### What the task asks
Your copy should match the entries exactly, except that it holds no pictures.

### Records to use
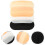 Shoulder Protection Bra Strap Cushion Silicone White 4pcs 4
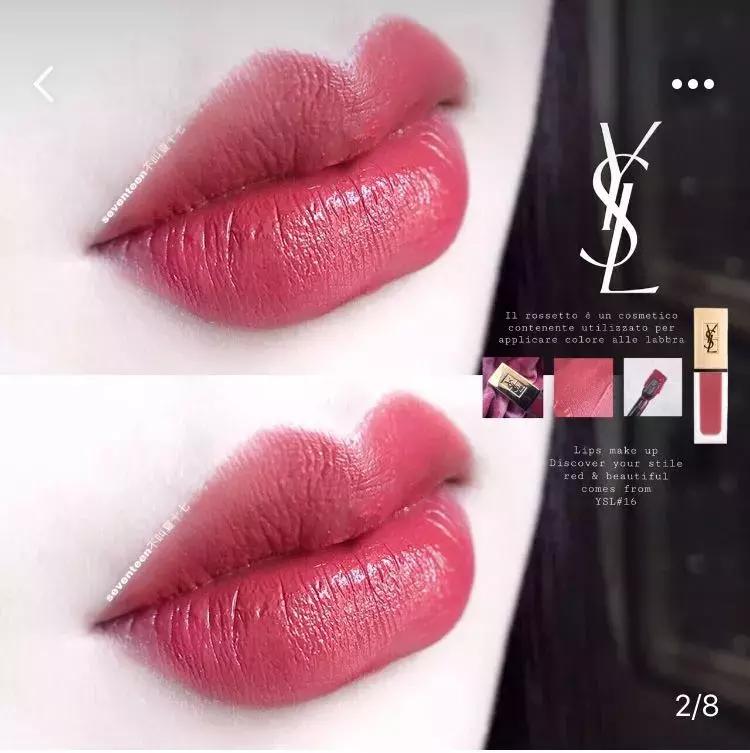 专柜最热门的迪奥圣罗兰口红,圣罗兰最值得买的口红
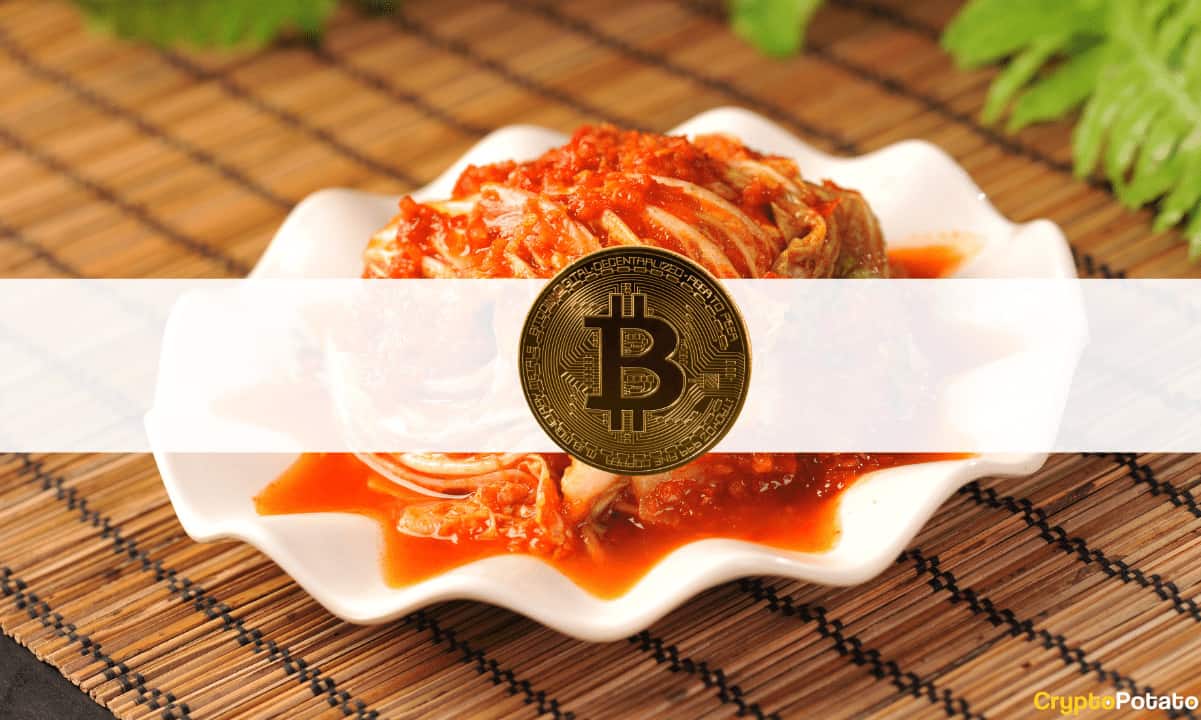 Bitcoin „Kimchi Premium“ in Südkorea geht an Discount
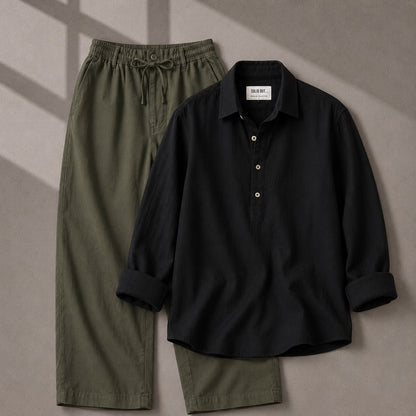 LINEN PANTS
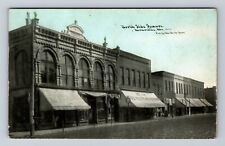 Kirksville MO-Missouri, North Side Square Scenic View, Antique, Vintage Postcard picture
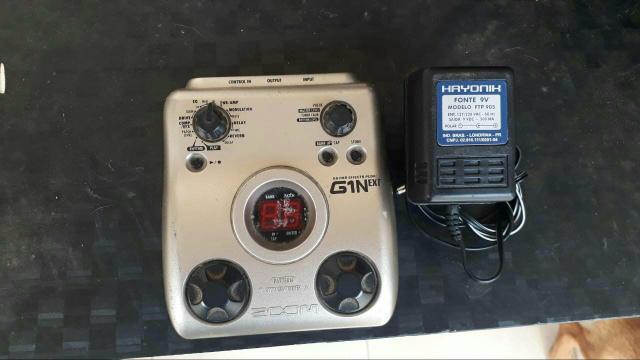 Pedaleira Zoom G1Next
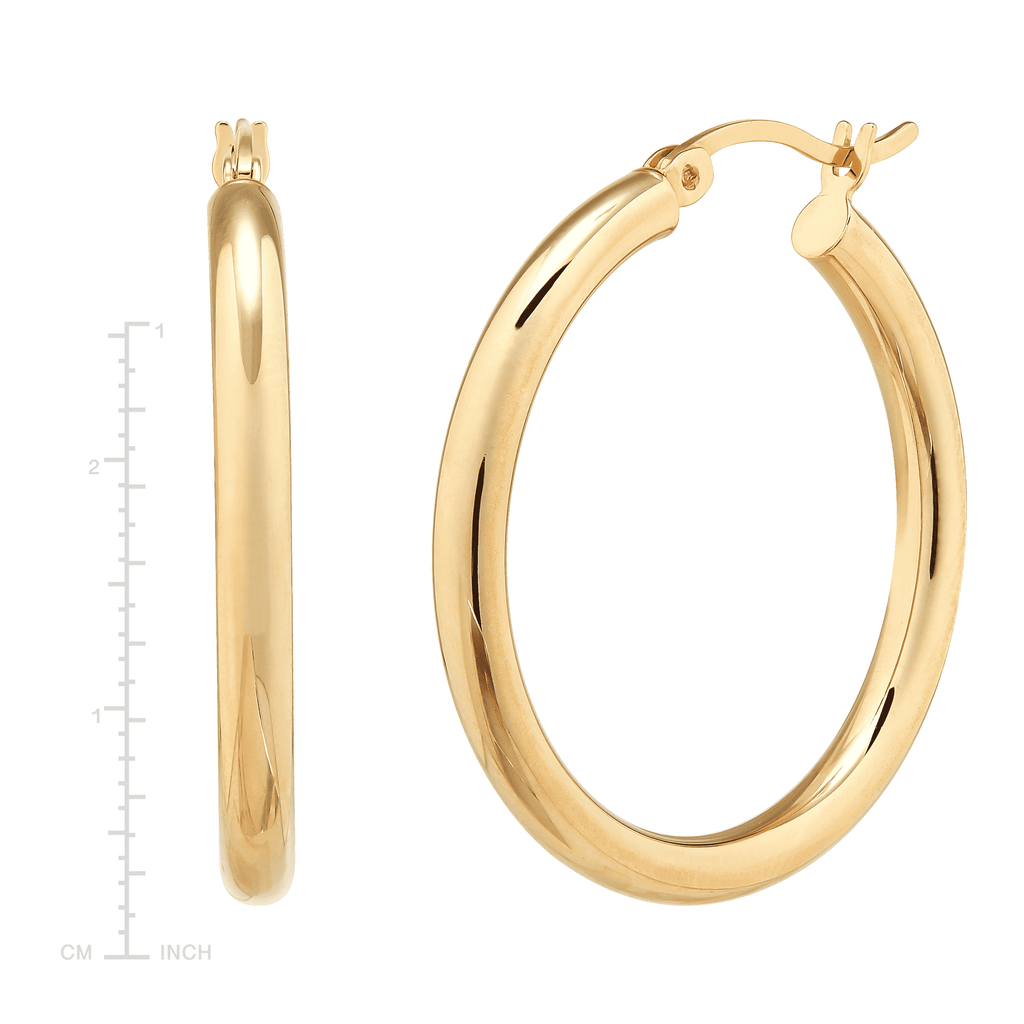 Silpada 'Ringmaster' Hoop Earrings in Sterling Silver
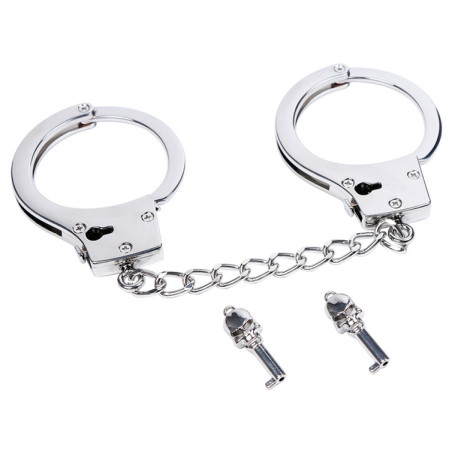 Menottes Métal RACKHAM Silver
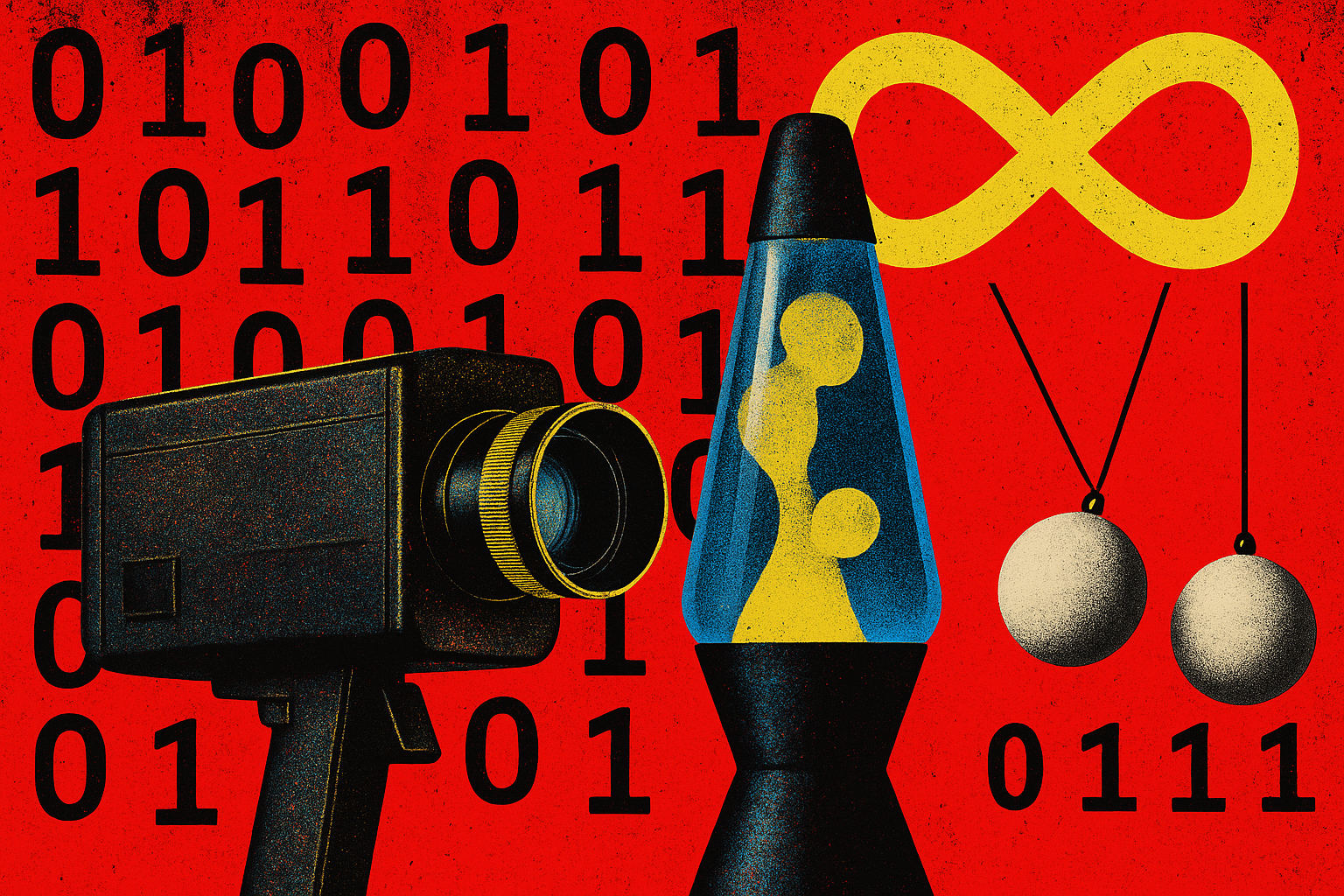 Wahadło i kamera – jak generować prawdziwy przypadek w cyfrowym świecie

### Solution
 Shoulder Protection Bra Strap Cushion Silicone White 4pcs 4
 专柜最热门的迪奥圣罗兰口红,圣罗兰最值得买的口红
 Bitcoin „Kimchi Premium“ in Südkorea geht an Discount
 LINEN PANTS
 Kirksville MO-Missouri, North Side Square Scenic View, Antique, Vintage Postcard picture
 Pedaleira Zoom G1Next
 Silpada 'Ringmaster' Hoop Earrings in Sterling Silver
 Menottes Métal RACKHAM Silver
 Wahadło i kamera – jak generować prawdziwy przypadek w cyfrowym świecie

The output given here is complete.